Even though raids have nearly doubled this month, and are increasing in general, 41 raids are still less than the rate seen in September prior to the Turkish invasion (48). Nonetheless, SDF and the international Coalition are now close to restoring the level of security the region was seeing prior to operation ‘Peace Spring’.

Key findings

  • In May, 30% of all attacks were field fires set by SNA factions or ISIS, particularly in Til Temir, Kobane, Heseke, Manbij, and Deir-ez-Zor
  • May was the first month in 2020 where we documented sleeper-cell attacks in the cities within the 30km “security zone” along the border with Turkey, with 4 fires started by SNA elements in Kobane and a grenade attack in Qamishlo
  • ISIS sleeper-cells claim 36 kills, target leader from Syria’s Future Party
  • Arrests this month remained stable with a 5% increase. Most SDF, Internal Security (Asayish) and Coalition actions consisted of dismantling IEDs, preventing fires, or thwarting attacks
Explore all sleeper-cell data since the start of 2019 on our live map here

Of the 84 attacks this month, a majority (54%) were claimed by ISIS and 25% committed by the Turkish-controlled Syrian National Army, with 21% remaining unclaimed. Prior to April no attacks had been attributed to SNA in 2020, while in April 2 attacks were committed by SNA. This month SNA responsibility quickly rose to 25% as SNA started setting crop fires around the frontlines of the newly-occupied zone.

This month’s attacks resulted in 36 claimed deaths, and 12 injuries. 6 of these fatalities and 2 of these injuries were Mukhtars (village leaders), who ISIS continues to assassinate as part of a targeted campaign in Deir-ez-Zor. One of these assassination attempts targeted Syrian Future Party leader Hezbollah al-Ahmad, a member of the the same party as Hevrin Khalef, who was killed on 12 October 2019 by Turkish-backed faction Ahrar al-Sharqiya. 

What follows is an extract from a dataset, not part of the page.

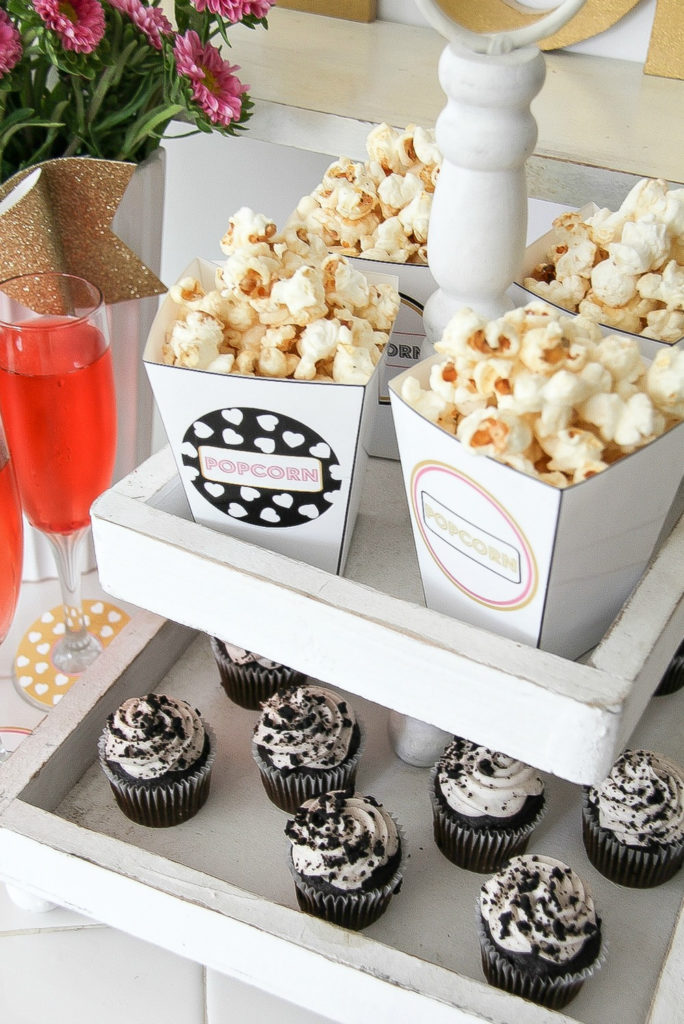 a white tiered wood food stand containing popcorn and cupcakes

Raids also increased this month by 86% (22 to 41), reaching the closest to pre – Operation Peace Spring levels since October 2019. Of these 41 actions, a majority consisted of dismantling IEDs or thwarting attacks. May saw 55 arrests, a 5% increase from April, including the arrest of a chief financial officer of ISIS.

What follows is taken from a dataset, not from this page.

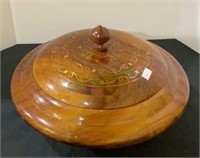 Beautiful wooden carved bowl with gold appliqué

As always, IED attacks comprise a large amount of sleeper-cell attacks as well as grenades, gunfire attacks and assassinations. Meanwhile, 30% of all the attacks this month were comprised of groups – primarily factions of the Syrian National Army – intentionally starting fires in fields, targeting not just the residents of North and East Syria but also their livelihoods. It is likely ISIS sleeper-cells are also responsibility for a number of the daily field fires hitting other areas of North and East Syria, though in many instances it is difficult to determine responsibility in areas away from the frontlines (see note on methodology below).

Another change documented this May is the re-emergence of attacks in cities along the border such as Qamisho, and Kobane. From January 2020 until these areas in the 30 km “safe-zone” had remained untouched by sleeper-cell attacks. Despite this the majority of attacks still took place in the regions of Deir-ez-Zor (42%) and Raqqa, (30%), followed by Heseke (12%), Til Temir (11%), Kobane (5%) and Manbij (1%).

Comment from Robin Fleming, a researcher with the Rojava Information Center:

“May was marked by near-daily arson attacks on the wheat crop, especially in areas near the Turkish occupied zone, destroying the fields, occasionally taking lives and destroying livelihoods. This could not be timed worse for the inhabitants of North and East Syria, already in the midst of an economic crisis, as the Syrian pound rapidly depreciates in value to reach 3000SYP to $1.

As we saw in April, following operation Peace Spring then Turkish proxy forces continue attacks outside of the occupied areas. A quarter of documented attacks this month were attributed to the Turkish-backed Syrian National Army. This is another way the stability of the region continues to suffer from the Turkish invasion of October 2019, even though raids have slowly begun to rise again.”

Case Study:

Ali Sheikho, member of Til Temir fire department and himself a victim of the crop fires, told Rojava Information Center:

“The Turkish-backed fighters fire bullets, and burn the earth, the crops, and homes. We come from the fire department, and we put the fires out. They burned my land, and the land of my friend who works in the municipality.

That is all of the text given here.